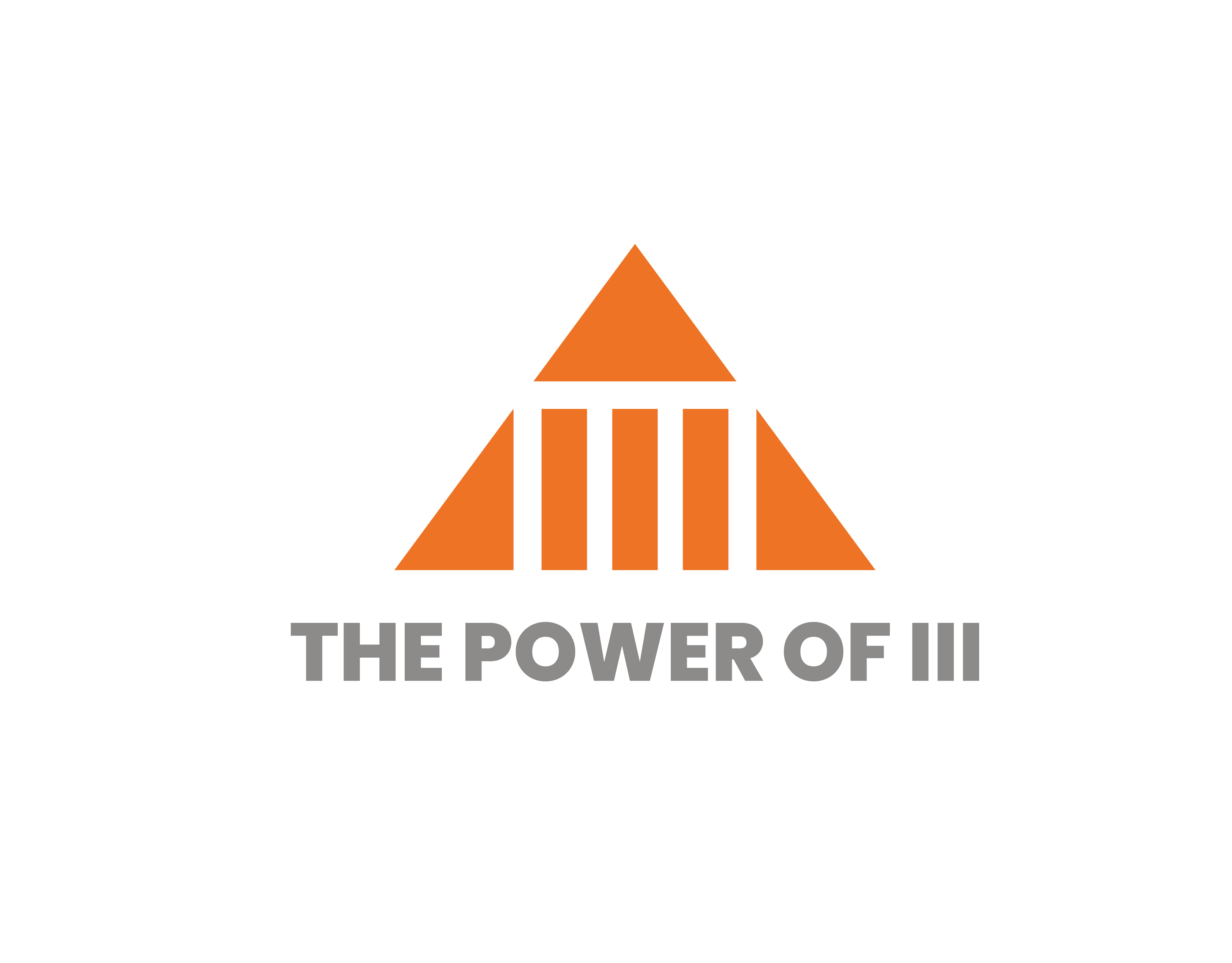 Logo Design by Ameer007 for this project | Design #32442771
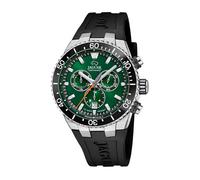 Jaguar CERAMIC J1021/2 Mens Chronograph
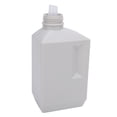 thumbnail image 4 of Dispensador De Detergente Para Ropa, Sellado Seguro, Vacío, 1000 Ml, Dispensador De Jabón Para Ropa, Reutilizable, Multifuncional, Gran Capacidad Para El Hogar, 4 of 7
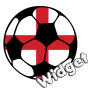 Widget Premier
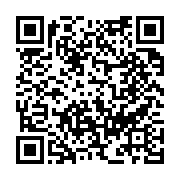 수질검사결과 페이지 바로가기 주소(https://www.jangseong.go.kr/q/ezE0OTZ8NTcxNzJ8c2hvd3xwYWdlPTEzMX0=&e=M&s=3), QRCODE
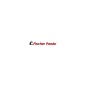 FISCHER PANDA Kit Avviamento 24V (24x - 30x 45i)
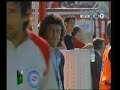 ARJ - GJJ ARJ - GJJ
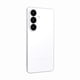 thumbnail image 3 of Smartphone Samsung Galaxy S26 256 GB 5G Blanco, 3 of 8
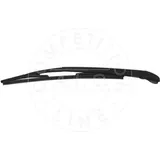 AIC Wischarm 53318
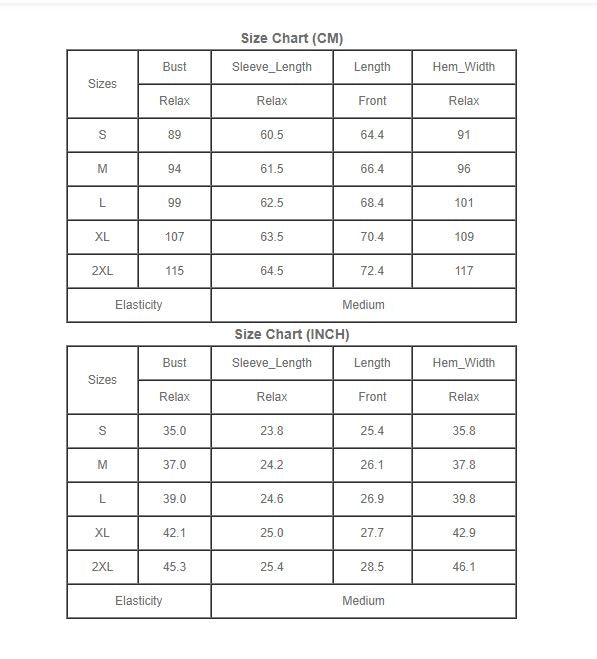 Donna Long Sleeve Top-UHXSW-SMALL-Urbanheer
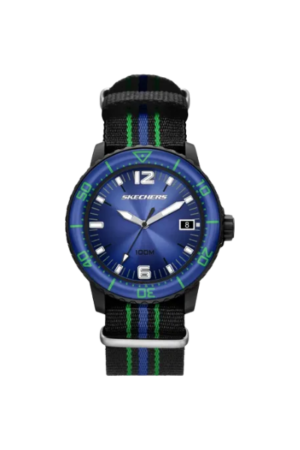 RELOJ SKECHERS REF SR5293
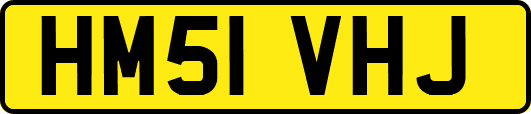 HM51VHJ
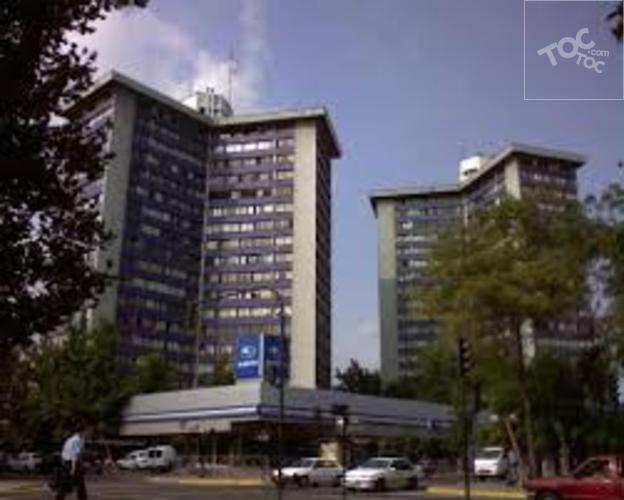 SEMINARIO 143 DP D 1102, Providencia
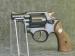 Taurus 80 .38Special + amunicja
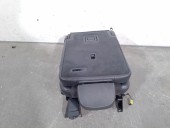Recambio de asientos trasero derecho para audi q7 (4mb, 4mg, 4mq) sq7 tdi quattro referencia OEM IAM 4M0883108A 4M0883108A 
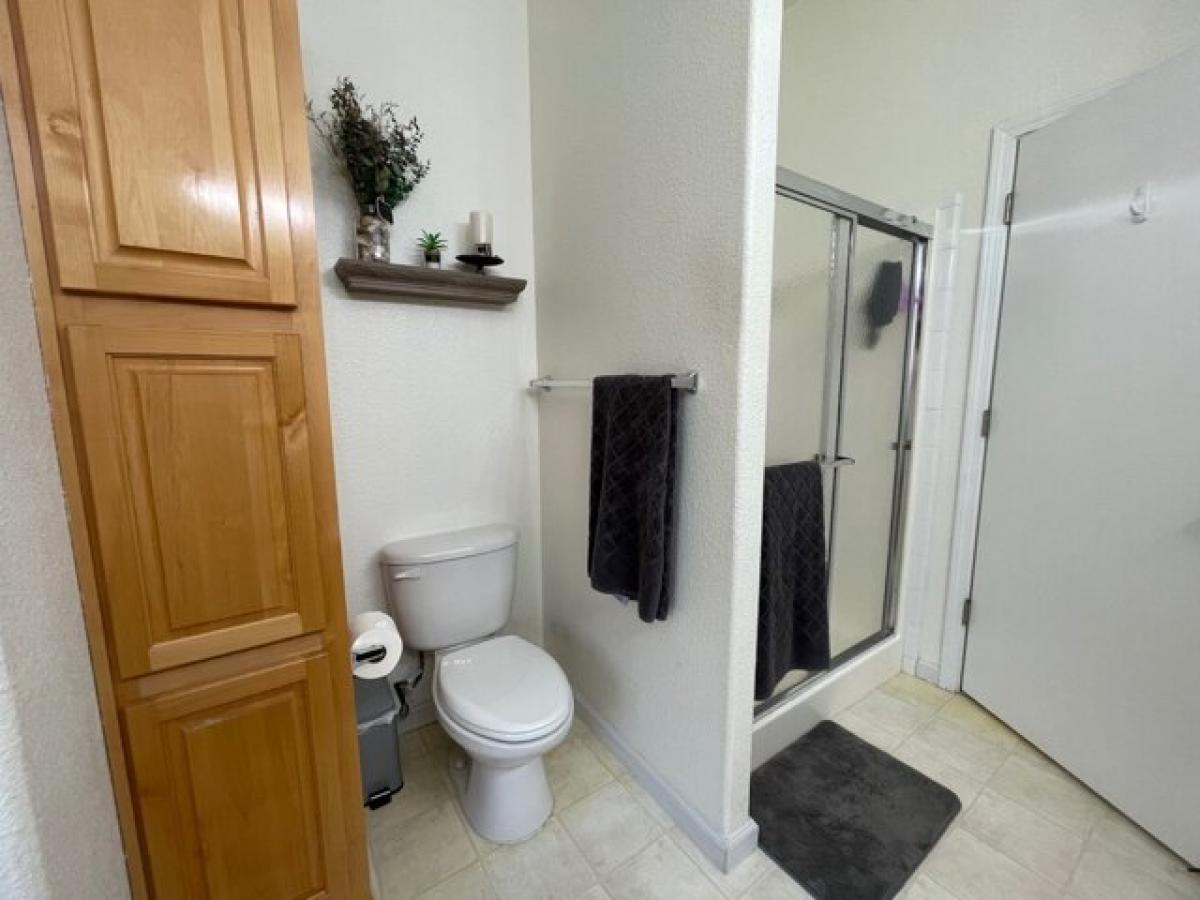 Picture of Home For Sale in El Cajon, California, United States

* * * *

* **What you have to do**: Skip the pictures, then return the rest of the data exactly.

* **Solution for this task**:
 Logo Design by Ameer007 for this project | Design #32442771
 Jaguar CERAMIC J1021/2 Mens Chronograph
 thumbnail image 4 of Dispensador De Detergente Para Ropa, Sellado Seguro, Vacío, 1000 Ml, Dispensador De Jabón Para Ropa, Reutilizable, Multifuncional, Gran Capacidad Para El Hogar, 4 of 7
 Widget Premier
 수질검사결과 페이지 바로가기 주소(https://www.jangseong.go.kr/q/ezE0OTZ8NTcxNzJ8c2hvd3xwYWdlPTEzMX0=&e=M&s=3), QRCODE
 FISCHER PANDA Kit Avviamento 24V (24x - 30x 45i)
 ARJ - GJJ ARJ - GJJ
 thumbnail image 3 of Smartphone Samsung Galaxy S26 256 GB 5G Blanco, 3 of 8
 AIC Wischarm 53318
 Donna Long Sleeve Top-UHXSW-SMALL-Urbanheer
 RELOJ SKECHERS REF SR5293
 HM51VHJ
 SEMINARIO 143 DP D 1102, Providencia
 Taurus 80 .38Special + amunicja
Recambio de asientos trasero derecho para audi q7 (4mb, 4mg, 4mq) sq7 tdi quattro referencia OEM IAM 4M0883108A 4M0883108A 
 Picture of Home For Sale in El Cajon, California, United States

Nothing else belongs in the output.